**What is needed**
Would you restate the full listing word for word and omit its pictures?

**Data segment**
=-=-=

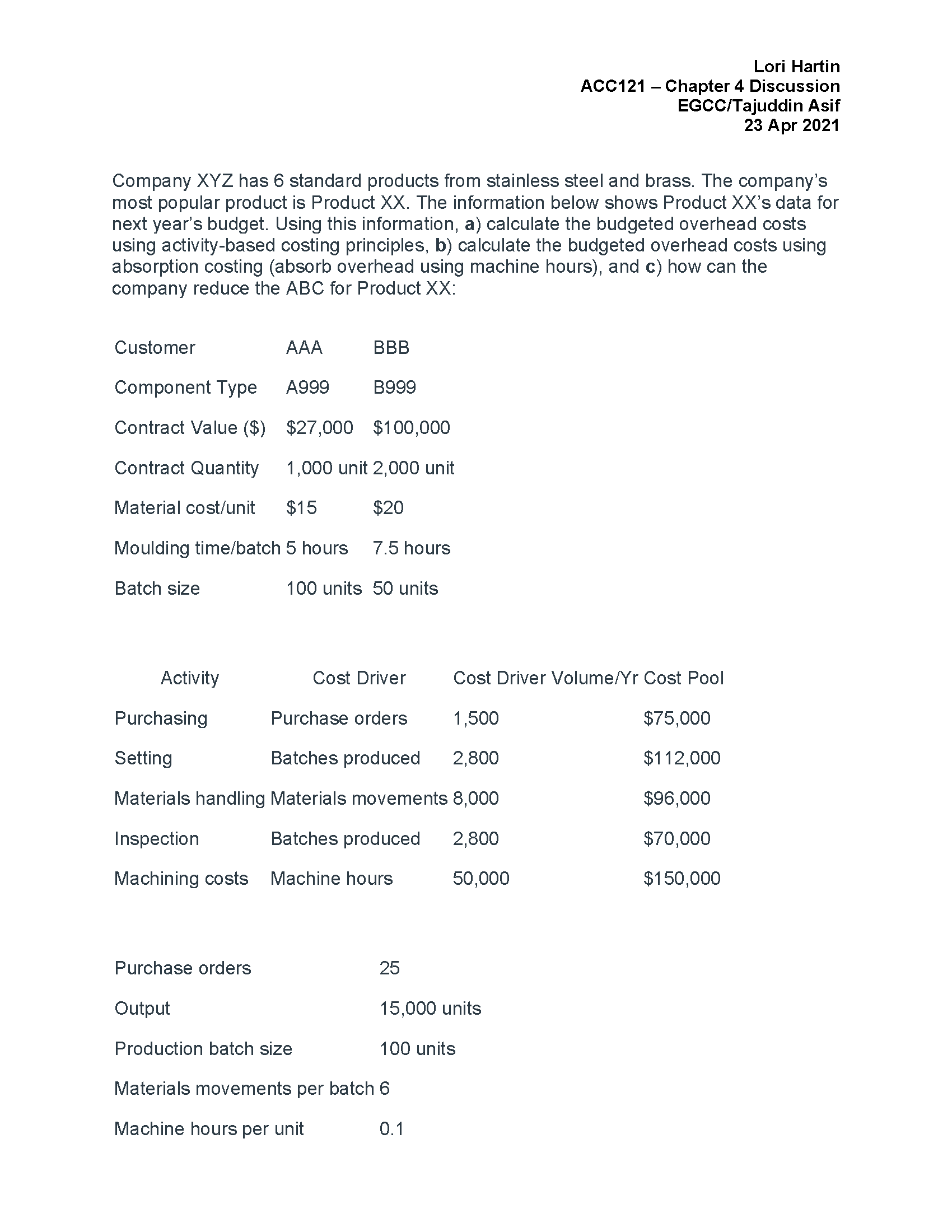 Can you please let me know if I have completed this problem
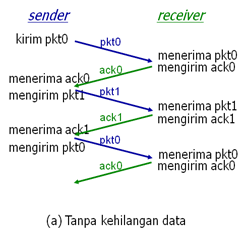 Cara Kerja rdt 1.0 , rdt 2.0 , rdt 2.1 , rdt 2.2 dan rdt 3.0 - SAYA ICHA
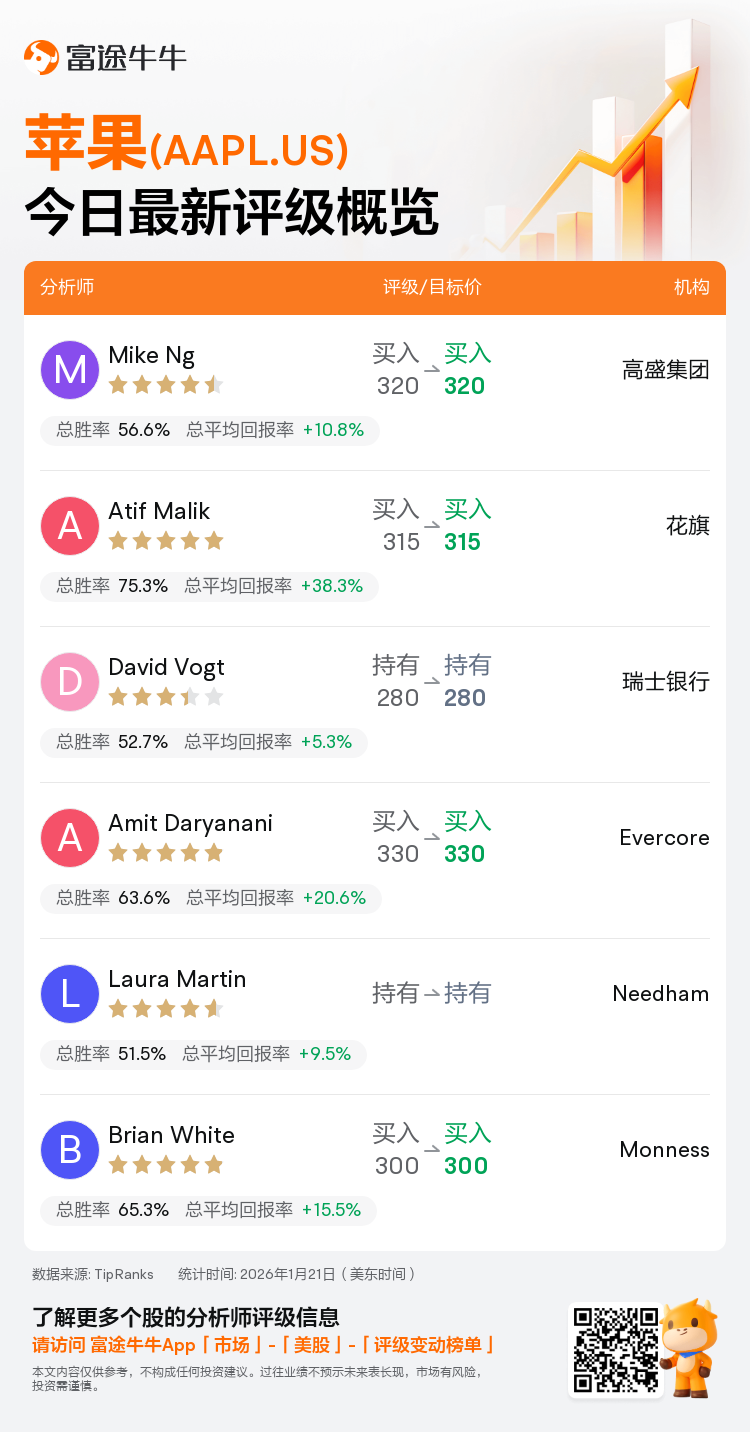 一图速览苹果(AAPL.US)今日评级，最高看至330美元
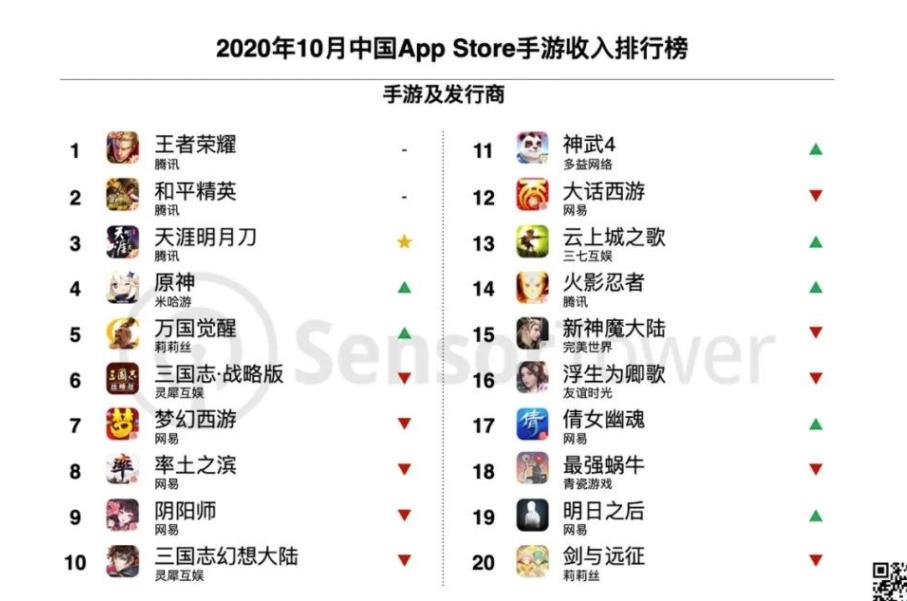 天谕和天刀手游玩哪个好,天刀手游和天谕手游哪个适合平民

=-=-=

**Written reply**
 Can you please let me know if I have completed this problem
 Cara Kerja rdt 1.0 , rdt 2.0 , rdt 2.1 , rdt 2.2 dan rdt 3.0 - SAYA ICHA
 一图速览苹果(AAPL.US)今日评级，最高看至330美元
 天谕和天刀手游玩哪个好,天刀手游和天谕手游哪个适合平民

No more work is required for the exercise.